Note.-Books on the Lizard: -

Johns (C. P.), A Week at the Lizard. S.P.C.K., 1848. Though an old book, quite unsurpassed.

Harvey (T. G.), Mullyon. Truro, 1875.

Cummins (A. H.), Cury and Gunwalloe. Truro, 1875. Good, but all these books are wild in their derivation of place-names, and not too much to be trusted in their history, as, for instance, when they mistake the Breton Cornouaille for Cornwall, and relate as occurring in the latter what actually belongs to the Breton Cornouaille.

 

CHAPTER XVII
SMUGGLING

A cache-Smugglers' paths-Donkeys-Hiding-places-Connivance with smugglers-A baronet's carriage-Wrecking-"Fatal curiosity" – A ballad-Excuses made for smuggling-Story by Hawker-Desperate affrays-Sub-division of labour-"Creeping" – Fogous-One at Porth-cothan.

The other day I saw an old farmhouse in process of demolition in the parish of Altarnon, on the edge of the Bodmin moors. The great hall chimney was of unusual bulk, bulky as such chimneys usually are; and when it was thrown down it revealed the explanation of this unwonted size. Behind the back of the hearth was a chamber fashioned in the thickness of the wall, to which access might have been had at some time through a low walled-up doorway that was concealed behind the kitchen dresser and plastered over. This door was so low that it could be passed through only on all-fours.

Now the concealed chamber had also another way by which it could be entered, and this was through a hole in the floor of a bedroom above. A plank of the floor could be lifted, when an opening was disclosed by which anyone might pass under the wall through a sort of door, and down steps into this apartment, which was entirely without light. Of what use was this singular concealed chamber? There could be little question. It was a place in which formerly kegs of smuggled spirits and tobacco were hidden. The place lies some fourteen or fifteen miles from Boscastle, a dangerous little harbour on the North Cornish coast, and about a mile off the main road from London, by Exeter and Launceston, to Falmouth. The coach travellers in old days consumed a good deal of spirits, and here in a tangle of lanes lay a little emporium always kept well supplied with a stock of spirits which had not paid duty, and whence the taverners along the road could derive the contraband liquor, with which they supplied the travellers. Between this emporium and the sea the roads-parish roads-lie over wild moors or creep between high hedges of earth, on which the traveller can step along when the lane below is converted into the bed of a stream, also on which the wary smuggler could stride whilst his laden mules and asses stumbled forward in the concealment of the deep-set lane.

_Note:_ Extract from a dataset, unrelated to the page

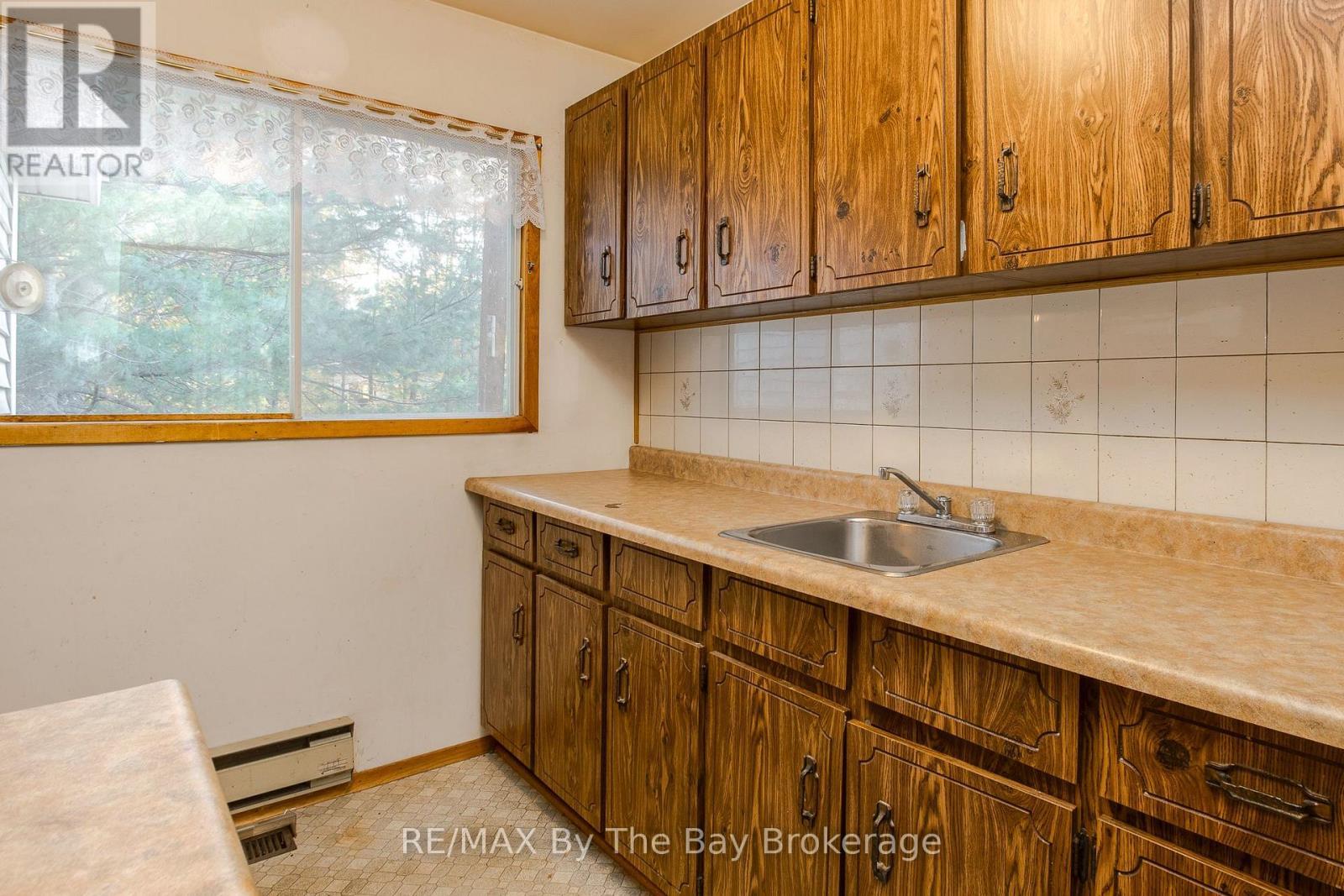 kitchen - 57 Tall Pines Drive, Tiny, ON - Indoor Photo Showing Kitchen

A very curious feature of the coasts of the West of England, where rocky or wild, is the trenched and banked-up paths from the coves along the coast. These are noticeable in Devon and Cornwall and along the Bristol Channel. That terrible sea-front consists of precipitous walls of rock, with only here and there a dip, where a brawling stream has sawn its course down to the sea; and here there is, perhaps, a sandy shore of diminutive proportions, and the rocks around are pierced in all directions with caverns. The smugglers formerly ran their goods into these coves when the weather permitted, or the preventive men were not on the look-out. They stowed away their goods in the caves, and gave notice to the farmers and gentry of the neighbourhood, all of whom were provided with numerous donkeys, which were forthwith sent down to the caches, and the kegs and bales were removed under cover of night or of storm.

As an excuse for keeping droves of donkeys, it was pretended that the sea-sand and the kelp served as admirable dressing for the land, and no doubt so they did. The trains of asses sometimes came up laden with sacks of sand, but not infrequently with kegs of brandy.

Now a wary preventive man might watch too narrowly the proceedings of these trains of asses. Accordingly squires, yeomen, farmers, alike set to work to cut deep ways in the face of the downs, along the slopes of the hills, and bank them up, so that whole caravans of laden beasts might travel up and down absolutely unseen from the sea, and greatly screened from the land side.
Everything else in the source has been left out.